### Provided data
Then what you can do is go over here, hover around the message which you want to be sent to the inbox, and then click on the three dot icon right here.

==

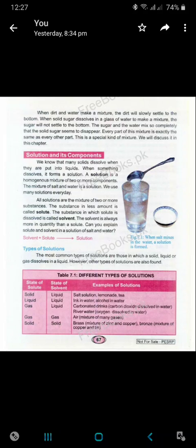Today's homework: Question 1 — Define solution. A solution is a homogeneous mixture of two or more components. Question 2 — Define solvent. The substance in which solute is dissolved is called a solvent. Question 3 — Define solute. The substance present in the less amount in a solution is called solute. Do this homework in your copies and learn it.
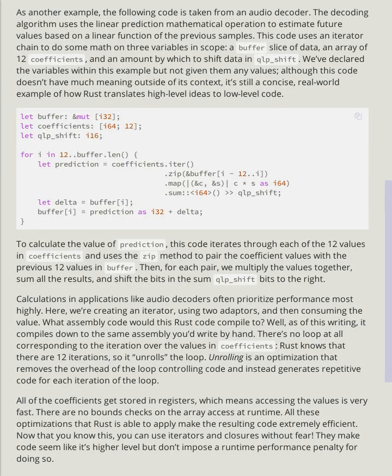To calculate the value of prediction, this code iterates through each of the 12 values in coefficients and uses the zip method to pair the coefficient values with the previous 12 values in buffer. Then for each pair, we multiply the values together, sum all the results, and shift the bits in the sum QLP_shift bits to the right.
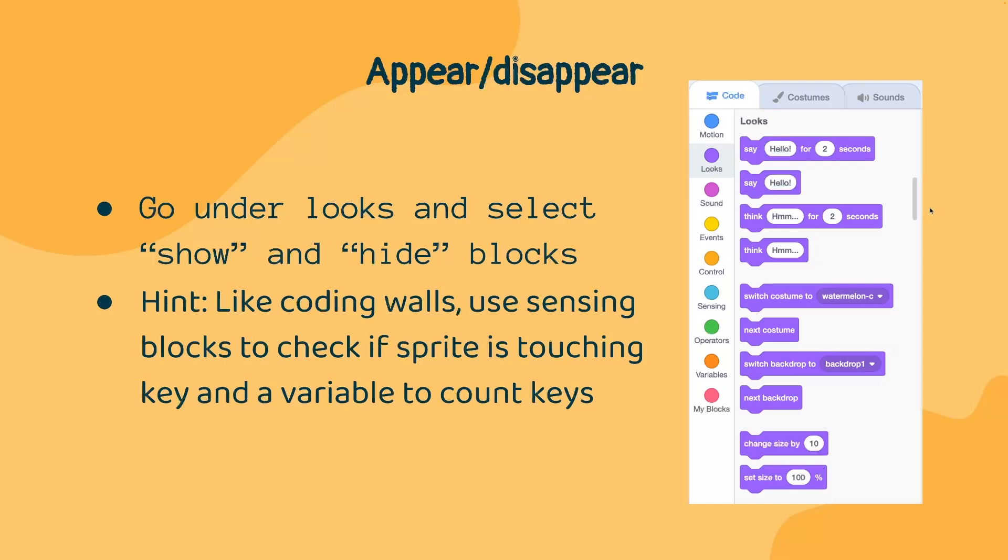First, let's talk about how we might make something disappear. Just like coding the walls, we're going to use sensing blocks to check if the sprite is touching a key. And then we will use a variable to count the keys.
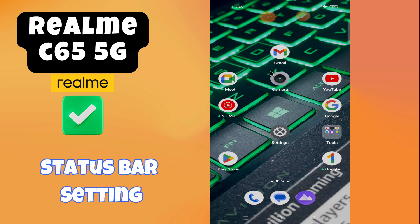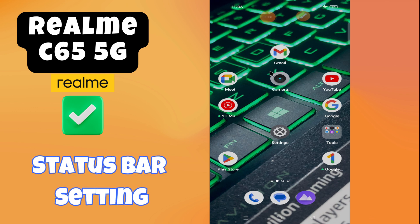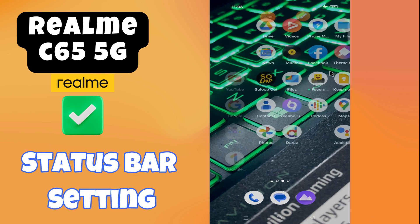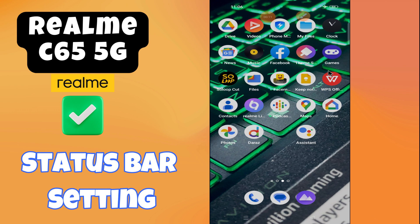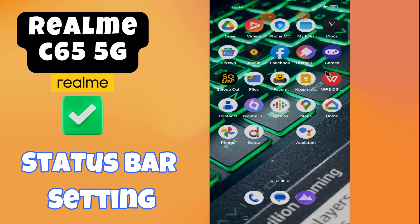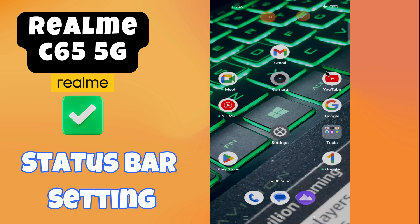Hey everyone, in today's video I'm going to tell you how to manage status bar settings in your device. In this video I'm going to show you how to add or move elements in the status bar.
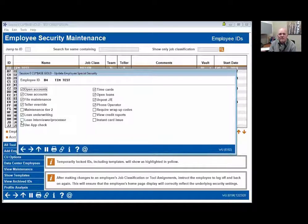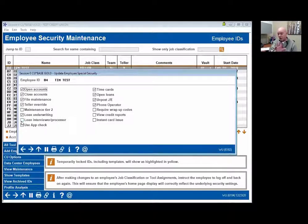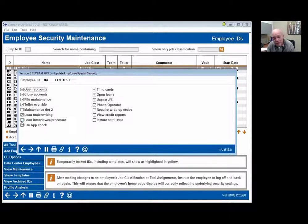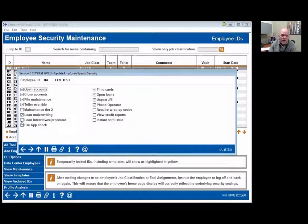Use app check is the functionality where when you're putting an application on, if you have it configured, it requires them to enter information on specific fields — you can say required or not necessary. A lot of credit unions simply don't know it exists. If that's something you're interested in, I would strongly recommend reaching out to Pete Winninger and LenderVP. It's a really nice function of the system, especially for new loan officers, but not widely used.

--

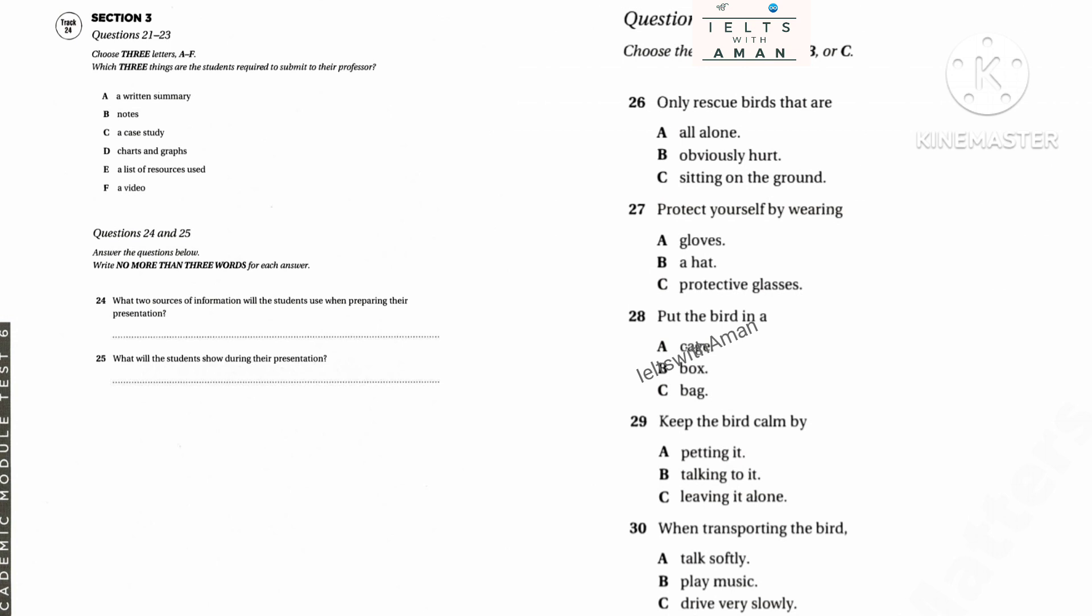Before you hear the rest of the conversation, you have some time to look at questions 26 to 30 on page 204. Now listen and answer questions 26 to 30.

### Task
Using the entries above, transcribe every line from the line containing "Hey everyone, in" through the line containing "Use app check". Do not copy pictures.

### Response box
Hey everyone, in today's video I'm going to tell you how to manage status bar settings in your device. In this video I'm going to show you how to add or move elements in the status bar.
Use app check is the functionality where when you're putting an application on, if you have it configured, it requires them to enter information on specific fields — you can say required or not necessary. A lot of credit unions simply don't know it exists. If that's something you're interested in, I would strongly recommend reaching out to Pete Winninger and LenderVP. It's a really nice function of the system, especially for new loan officers, but not widely used.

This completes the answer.